INPUT RECORDS below:
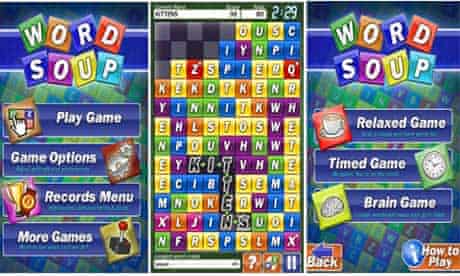 Word Soup Review Games The Guardian Word Soup Review Games The Guardian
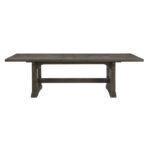 Sarasota Driftwood Dining Table By Homelegence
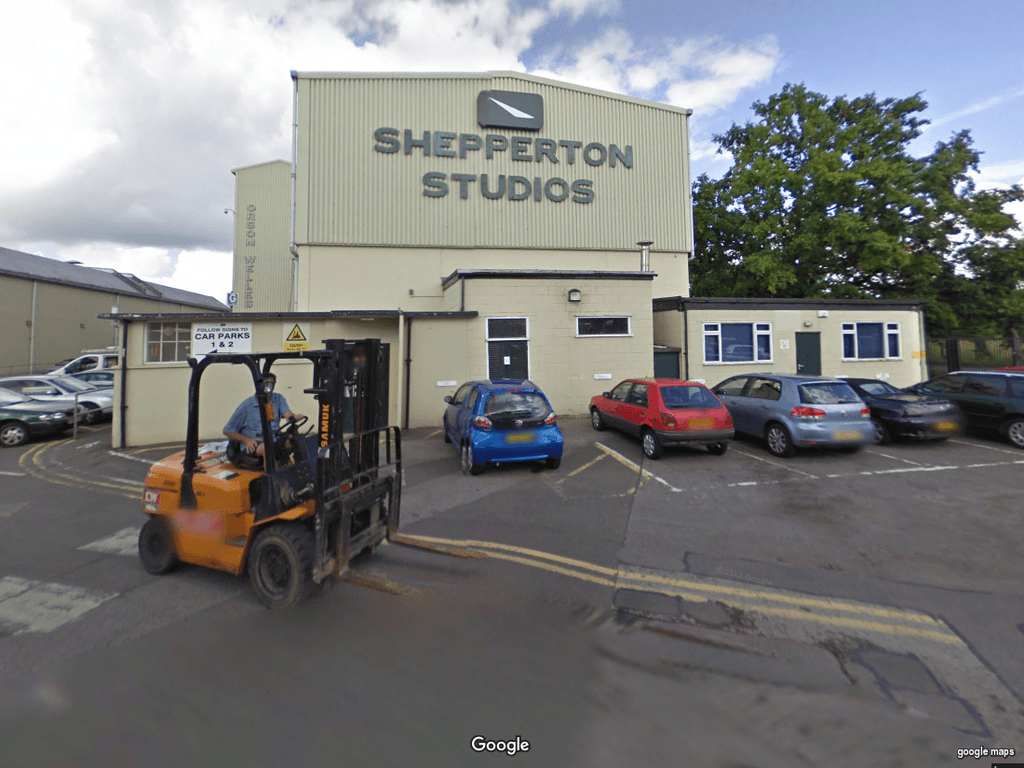 shepperton design studio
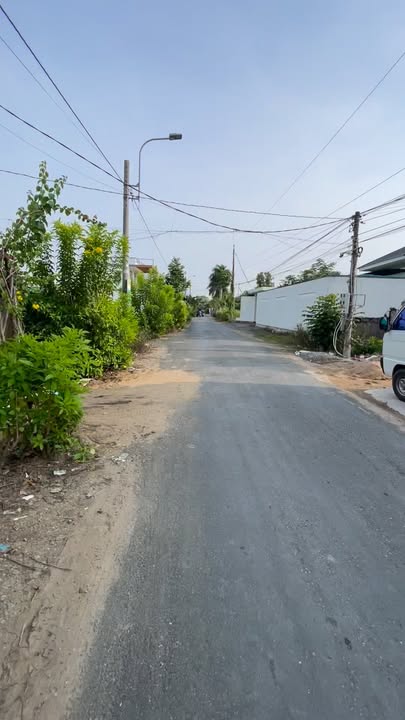 Đất mặt tiền đường Mỹ Lộc, Cần Giuộc 125m² giá 3.3 tỷ - Cơ hội đầu tư tuyệt vời!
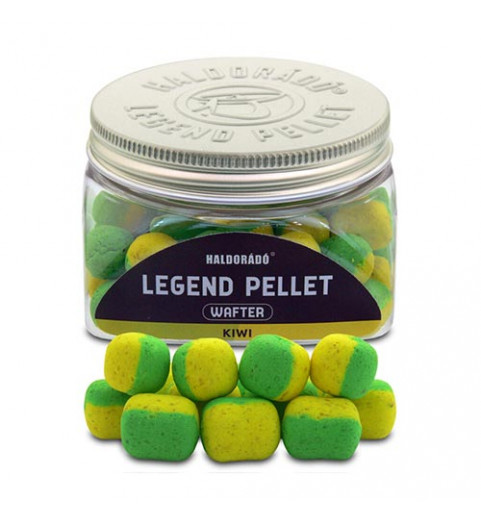 Haldorádó - LEGEND PELLET Wafter 12, 16mm - Kiwi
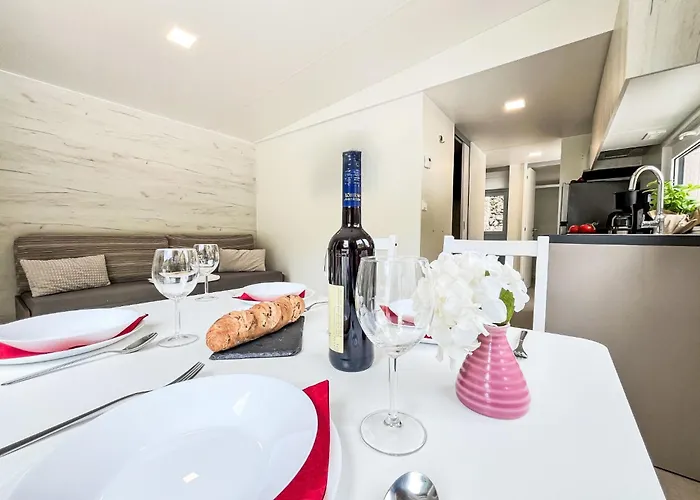 Holiday home Tiny Haus Vierseenblick Nummer 4 By Interhome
End of INPUT RECORDS.
= EXERCISE PROMPT =
The lines from the beginning of the listing above through the line holding "Haldorádó - LEGEND" are to be duplicated exactly, and the pictures omitted.

= SOLUTION BELOW =
 Word Soup Review Games The Guardian Word Soup Review Games The Guardian
 Sarasota Driftwood Dining Table By Homelegence
 shepperton design studio
 Đất mặt tiền đường Mỹ Lộc, Cần Giuộc 125m² giá 3.3 tỷ - Cơ hội đầu tư tuyệt vời!
 Haldorádó - LEGEND PELLET Wafter 12, 16mm - Kiwi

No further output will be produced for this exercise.